Work to be completed >> Word for word, reproduce the listing that follows, excluding any pictures it contains.

Dataset section >>
• • •

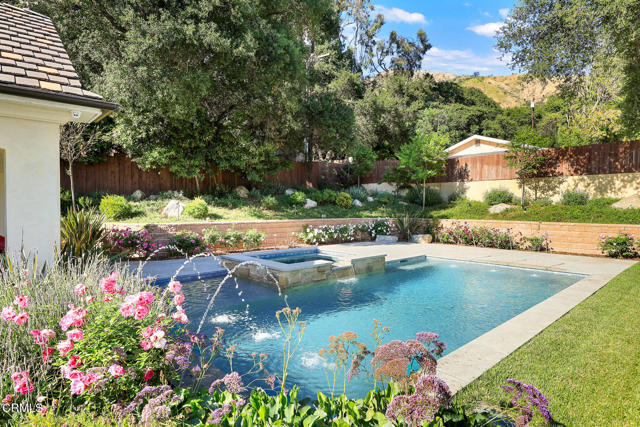 2060 Windover Road, Pasadena CA: https://media.crmls.org/mediaz/753300b1-eef9-4d0b-b0dc-77cba8e63201.jpg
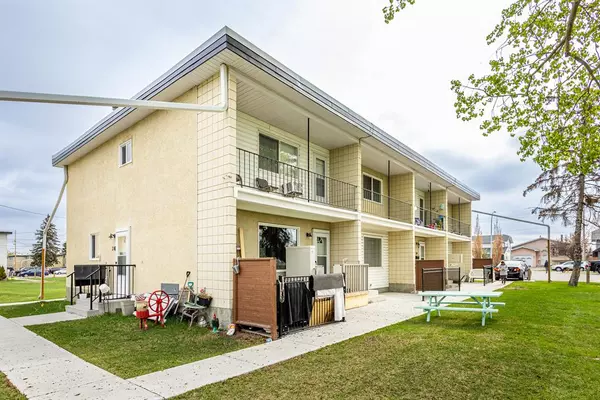 Calgary, AB T2E 4Y5,2211 19 ST NE #215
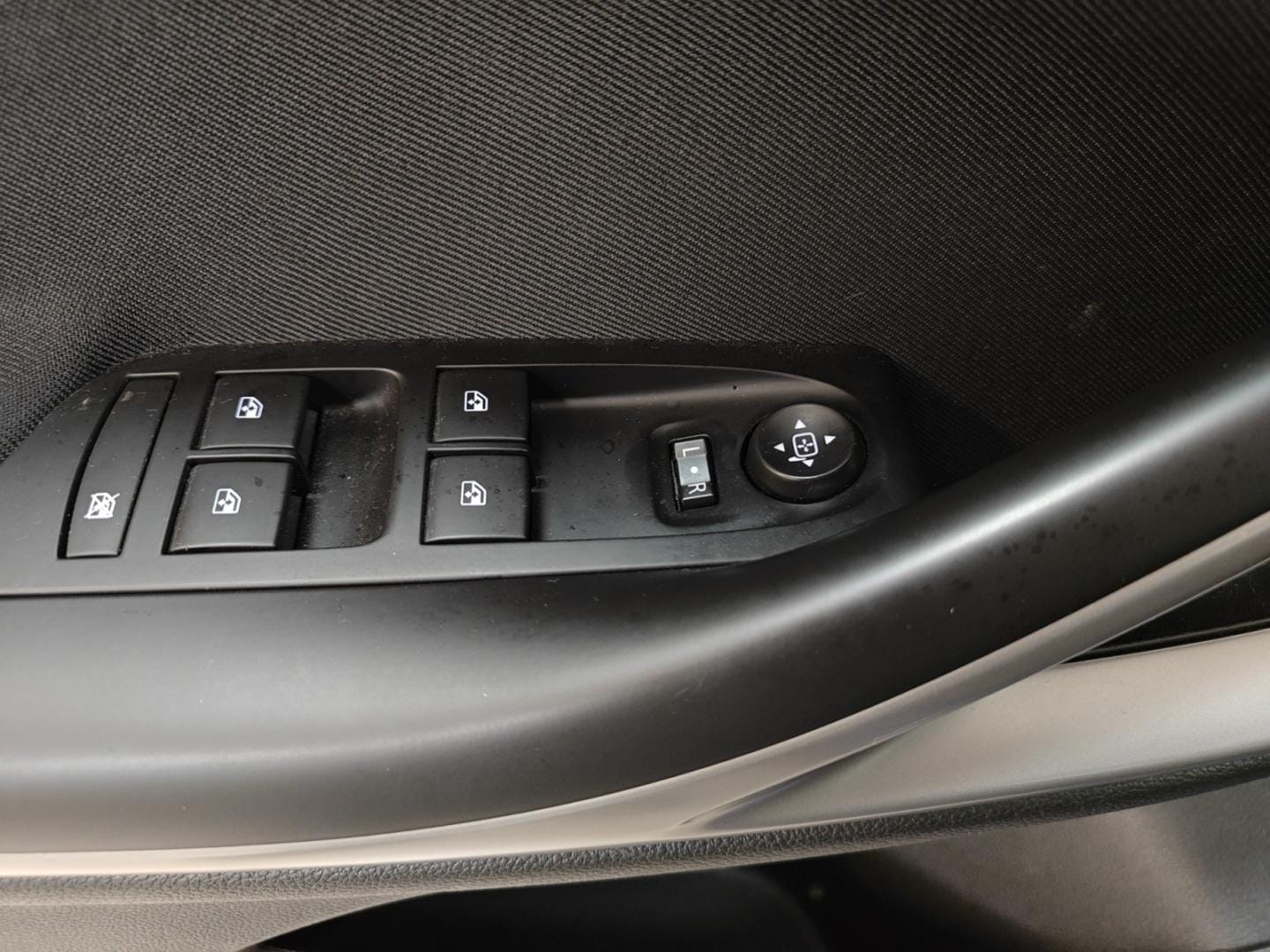 Myydään Opel Astra 2022 11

• • •

Finished task >>
 2060 Windover Road, Pasadena CA: https://media.crmls.org/mediaz/753300b1-eef9-4d0b-b0dc-77cba8e63201.jpg
 Calgary, AB T2E 4Y5,2211 19 ST NE #215
 Myydään Opel Astra 2022 11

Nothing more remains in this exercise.